Bharat Forge’s journey into India’s defence manufacturing sector stands as a testament to the transformative impact of the ‘Make in India’ initiative. Chairman Baba Kalyani recently recounted the company’s early struggles and eventual breakthrough, highlighting how entrenched scepticism and policy barriers once stifled indigenous innovation.
In 2012, Bharat Forge exhibited its first artillery gun at a defence expo in Delhi, only to be met with disbelief and even ridicule from the military establishment. “A lot of army guys walked by, some laughed at it.
Not a single guy stopped to even see what the hell it was,” Kalyani recalled. The prevailing mindset was that only foreign suppliers or public sector units could deliver such complex systems, leaving private Indian firms on the sidelines.

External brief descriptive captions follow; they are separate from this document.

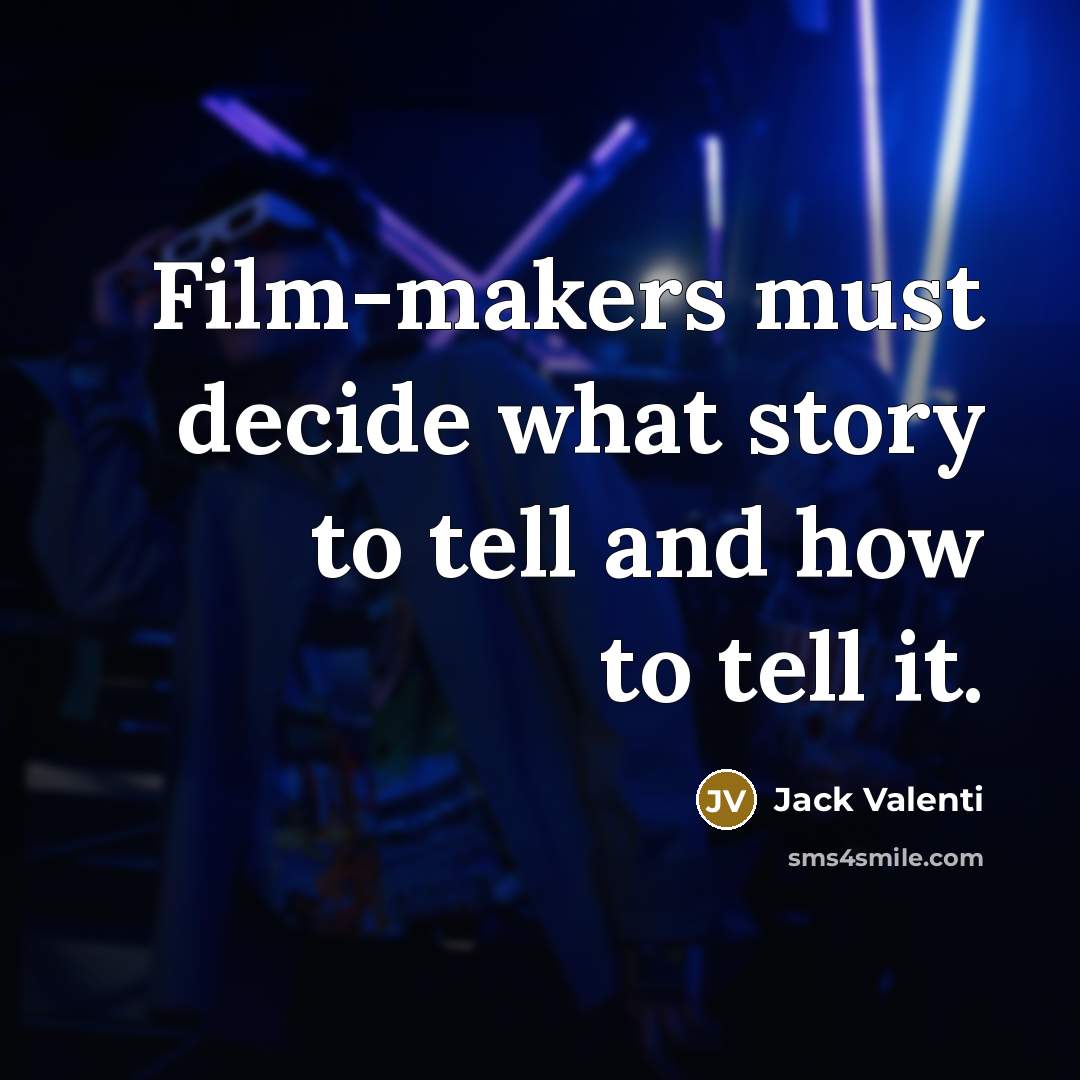 “Film-makers must decide what story to tell and how to…” quote by Jack Valenti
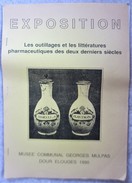 B 7 / Exposition - Les Outillages Et Les Littératures Pharmaceutiques Des Deux Derniers Siècles  - Dour Elouges - België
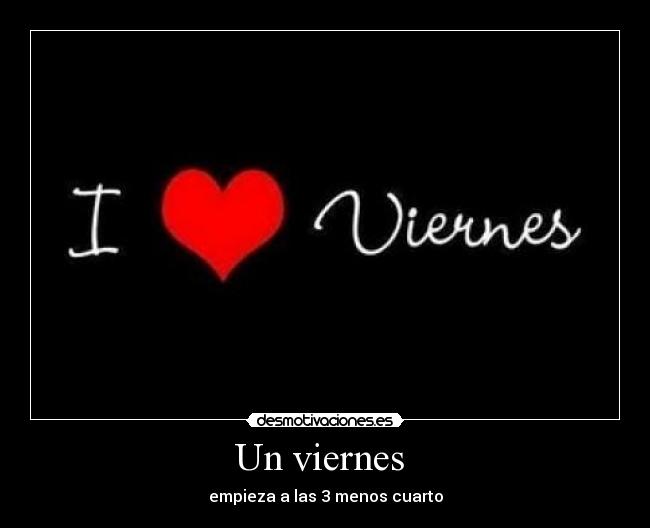 carteles viernes termina desmotivaciones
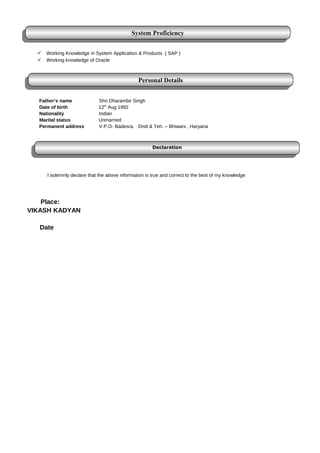  Working Knowledge in System Application & Products ( SAP )
 Working knowledge of Oracle
Father’s name Shri Dharambir Singh
Date of birth 12th
Aug 1992
Nationality Indian
Marital status Unmarried
Permanent address V.P.O- Badesra, Distt & Teh. – Bhiwani , Haryana
I solemnly declare that the above information is true and correct to the best of my knowledge
Place:
VIKASH KADYAN
Date
System Proficiency
System Proficiency
Declaration
Declaration
Personal Details
Personal Details
 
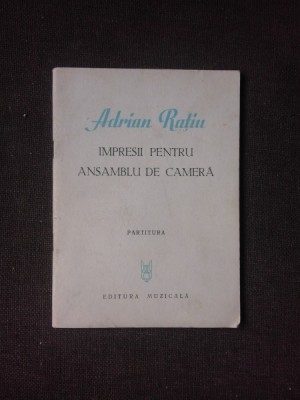 IMPRESII PENTRU ANSAMBLU DE CAMERA - ADRIAN RATIU (PARTITURA) foto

Kalyani’s inspiration to diversify into defence stemmed from the aftermath of the 2008 financial crisis and his personal connections to the armed forces. Recognising that artillery guns are fundamentally products of advanced forging and metallurgy—areas where Bharat Forge already excelled—he questioned why India could not leverage its own expertise to build such equipment.
However, the policy landscape was hostile to private sector participation. Despite a full technology transfer from Sweden’s Bofors in the 1980s, the government restricted defence manufacturing to state-run entities, locking out private innovators like Bharat Forge. Kalyani’s direct appeals to policymakers, including a 2011 meeting with then Prime Minister Manmohan Singh and Defence Minister AK Antony, were met with indifference and no follow-up.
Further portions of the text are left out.